なぜ日本だけクロスオーバーだったかというと、クロスオーバーより前に出たクラブマンをベースに、国内のミニ専門店がドレスアップバージョンを作り、それにカントリーマンという名前を与え、商標登録していたので、使えなかったらしい。新型は商標の譲渡などが行われたので、晴れてカントリーマンと名乗ることができたというストーリーだそうだ。
ともあれカントリーマンという車名を見て、昔を思い出した人もいるのではないだろうか。クラシックミニのワゴンに、カントリーマンという名前がつけられていたからだ。
昔は多くのクルマにワゴンが用意されていた。イギリスも同じで、クラシックミニの兄貴分として第二次世界大戦直後に生まれたモーリス・マイナー、オースチンA30にも設定があった。名前はマイナーがトラベラーで、A30がカントリーマン。つまりこの時期からカントリーマンという車名はあった。
ただし、A30のカントリーマンは、見た目はリヤクォーターウインドウの有無以外はバンとほぼ同じ。一方のトラベラーはボディ後半の骨格を木で構築し、鉄板とガラスを張っていくという、木造住宅のような成り立ちだった。
トラベラーはいまのクルマでは考えられない作りだが、そもそも馬車は木で作られていたでしょ? というのがイギリス人の主張かもしれない。
そして、マイナーやA30よりひとまわり小さな大衆車として生まれた前輪駆動のミニも、当初用意されたオースティン版はミニカントリーマン、モーリス版はミニトラベラーと呼ばれたのだった。どちらもオプションでウッドフレームが用意された。モーリス・マイナーのときと違って、モノコックボディの外側に木枠を追加したという構造だったけれど、小さなボディに華を添える役目は十分以上に果たしていた。

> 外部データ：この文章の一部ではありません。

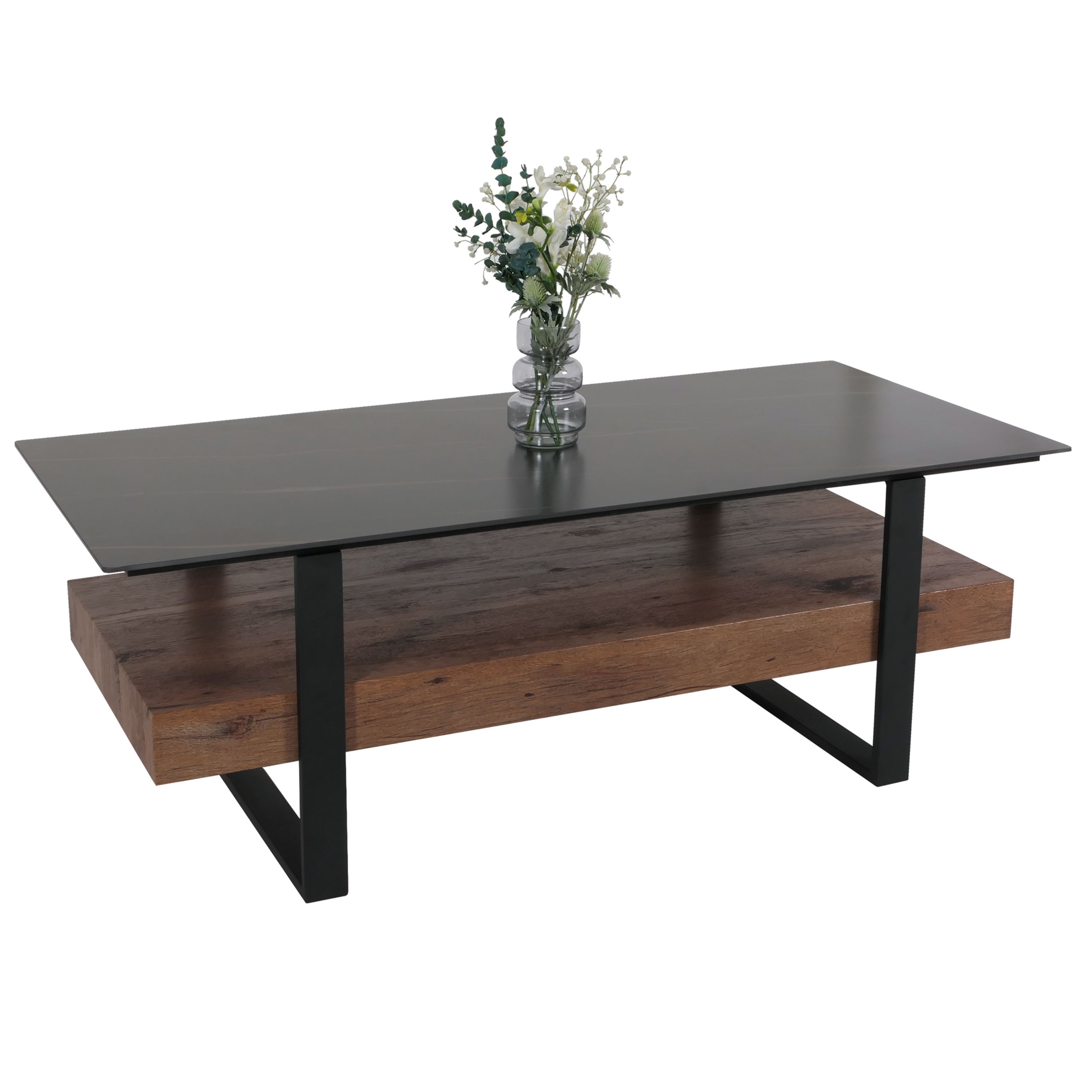 Couchtisch MCW-L88, Wohnzimmertisch Tisch, Ablage Eisen 43x120x60cm Sinterstein Marmor-Optik schwarz Holz dunkelbraun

BMWプロデュースで蘇ったいまのミニで、インポーターに先駆けてカントリーマンの名前を商標登録したクラブマンのドレスアップバージョンは、ベースがワゴンだったし、ウッドフレームを備えていたので、内容としては合致していたわけだ。
とはいえ高温多湿の日本では、最悪の場合キノコが生えるという噂もあったし、いまは環境保護でリアルウッドを使うのは難しい。あの時代だから許された技だったと解釈するのが正しいのかもしれない。